* **What you will do**
Copy out the listing that follows, exactly, without its pictures.

* **Data extract**
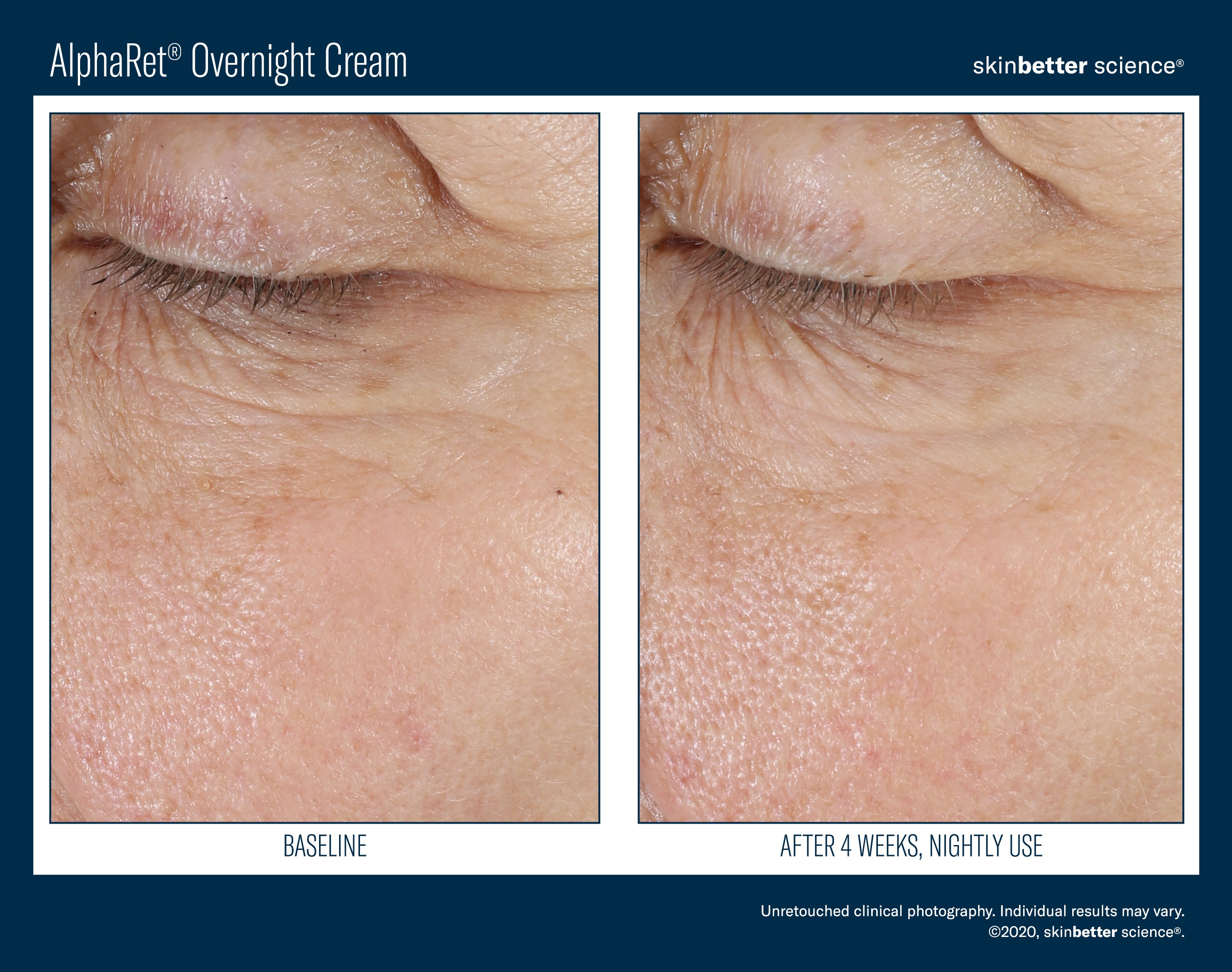 SkinBetter Science Trial Size AlphaRet Overnight Cream (0.17 oz)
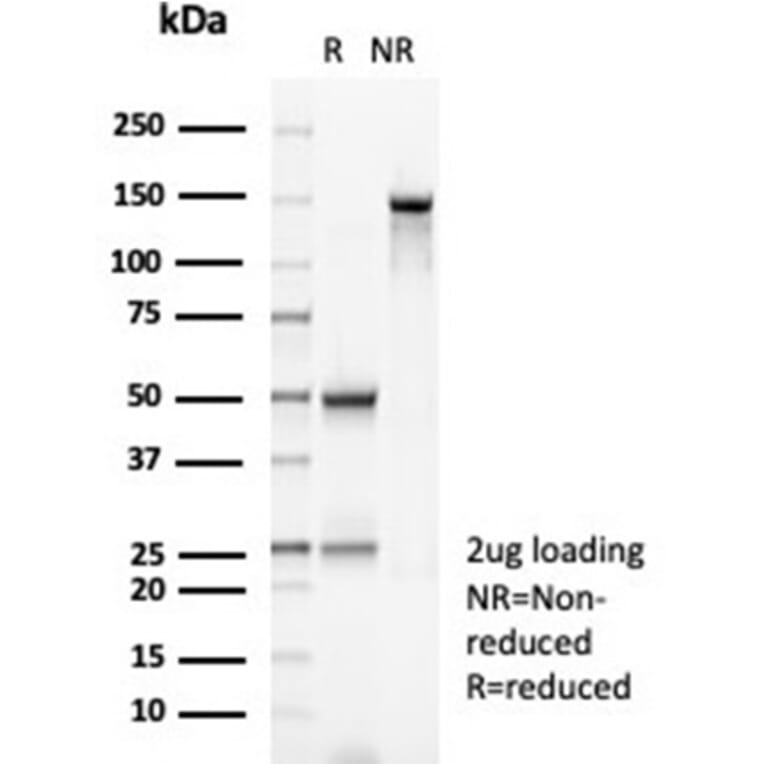 SDS-PAGE - Anti-MSH2 Antibody [MSH2/6852] - BSA and Azide free (A278305) - Antibodies.com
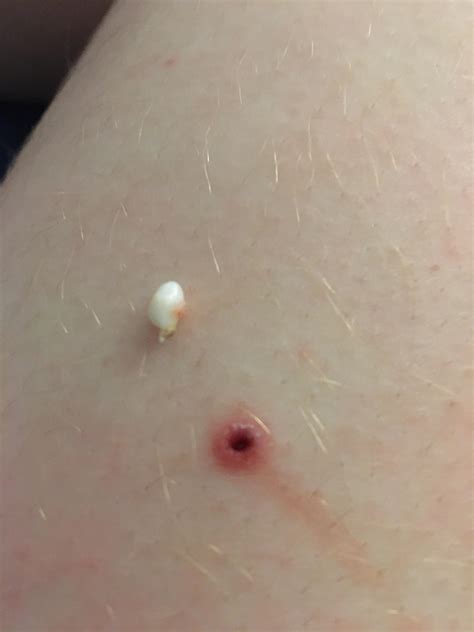 Popped what may be a small skin cyst out my leg | Scrolller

* **Completed exercise**
 SkinBetter Science Trial Size AlphaRet Overnight Cream (0.17 oz)
 SDS-PAGE - Anti-MSH2 Antibody [MSH2/6852] - BSA and Azide free (A278305) - Antibodies.com
 Popped what may be a small skin cyst out my leg | Scrolller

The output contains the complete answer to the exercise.